Task ->
Emit a verbatim copy of the lines below from the line with "this 768×446 image." through the line with "this 800×600 image.", excluding pictures and everything outside that range.

Listed entries ->
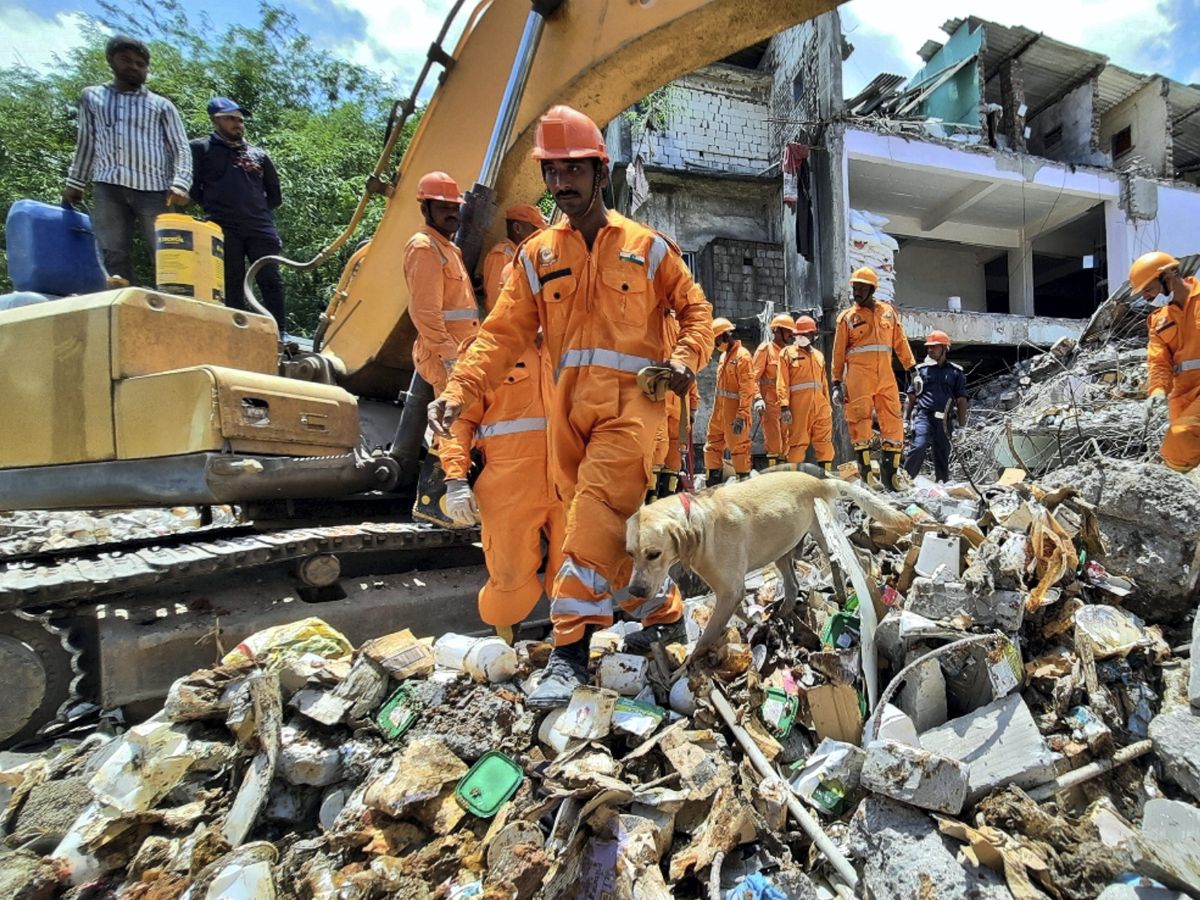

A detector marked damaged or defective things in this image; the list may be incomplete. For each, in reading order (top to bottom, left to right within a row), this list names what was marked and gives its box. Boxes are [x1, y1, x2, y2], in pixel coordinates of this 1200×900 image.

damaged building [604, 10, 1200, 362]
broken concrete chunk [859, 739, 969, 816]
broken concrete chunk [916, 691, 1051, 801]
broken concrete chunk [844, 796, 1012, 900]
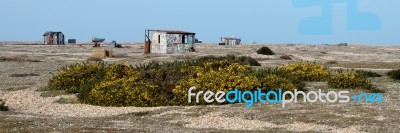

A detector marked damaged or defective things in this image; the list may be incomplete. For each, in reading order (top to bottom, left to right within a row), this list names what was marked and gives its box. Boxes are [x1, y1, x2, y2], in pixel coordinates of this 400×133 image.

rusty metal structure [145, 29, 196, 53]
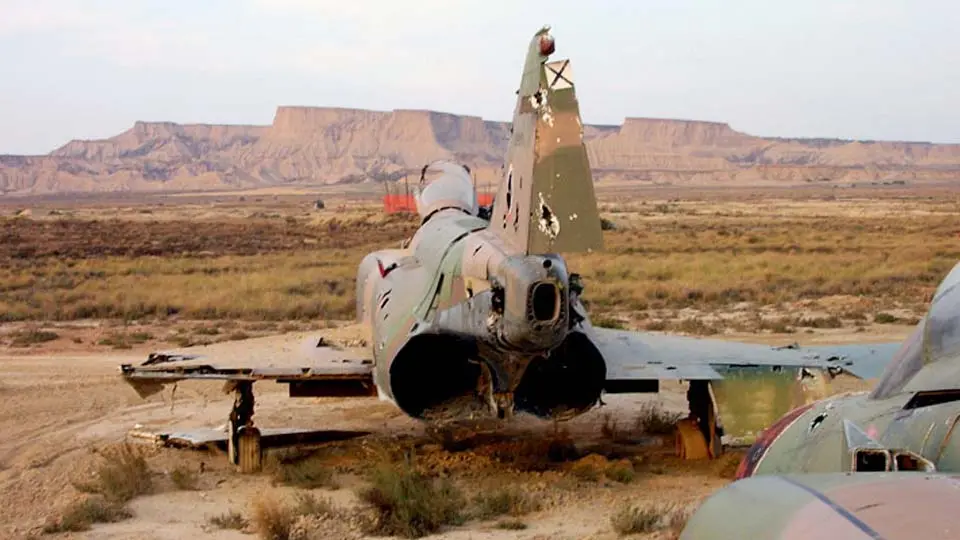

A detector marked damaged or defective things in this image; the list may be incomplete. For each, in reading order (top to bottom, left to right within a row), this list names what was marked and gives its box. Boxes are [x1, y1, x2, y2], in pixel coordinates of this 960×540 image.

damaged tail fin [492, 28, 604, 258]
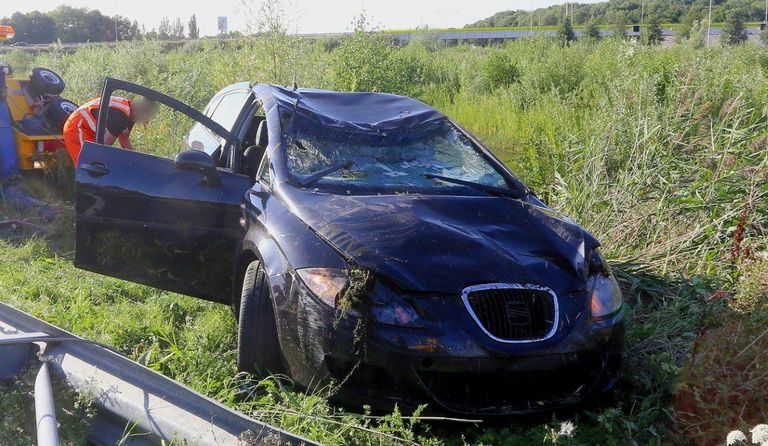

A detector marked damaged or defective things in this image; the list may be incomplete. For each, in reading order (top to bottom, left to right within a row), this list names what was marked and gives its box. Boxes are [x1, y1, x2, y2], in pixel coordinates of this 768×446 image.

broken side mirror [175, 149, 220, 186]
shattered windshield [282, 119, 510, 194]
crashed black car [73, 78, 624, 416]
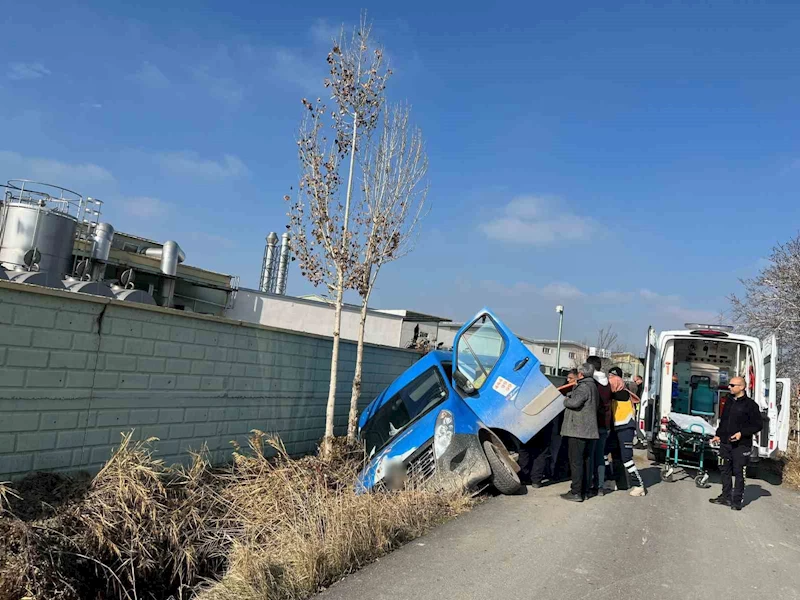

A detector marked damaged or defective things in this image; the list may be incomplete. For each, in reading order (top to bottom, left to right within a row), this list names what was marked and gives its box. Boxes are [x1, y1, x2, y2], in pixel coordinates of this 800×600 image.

---

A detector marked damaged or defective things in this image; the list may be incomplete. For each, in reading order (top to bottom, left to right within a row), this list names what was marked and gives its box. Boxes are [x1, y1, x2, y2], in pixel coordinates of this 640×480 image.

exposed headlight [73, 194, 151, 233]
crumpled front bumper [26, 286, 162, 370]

Result ->
A detector marked damaged or defective things in this image; the list may be incomplete. For each, in reading order (top to bottom, left to right within a row), this list names what was marked and gives its box. Boxes are [x1, y1, x2, y2], in pixel coordinates of this 768×446 image.

broken side mirror [175, 149, 220, 186]
shattered windshield [282, 119, 510, 194]
crashed black car [73, 78, 624, 416]

A detector marked damaged or defective things in this image; the list may be incomplete. For each, in reading order (top to bottom, left to right within a row), this list names what was marked and gives its box. Boxes are [x1, y1, x2, y2], in pixel coordinates of this 800×600 image.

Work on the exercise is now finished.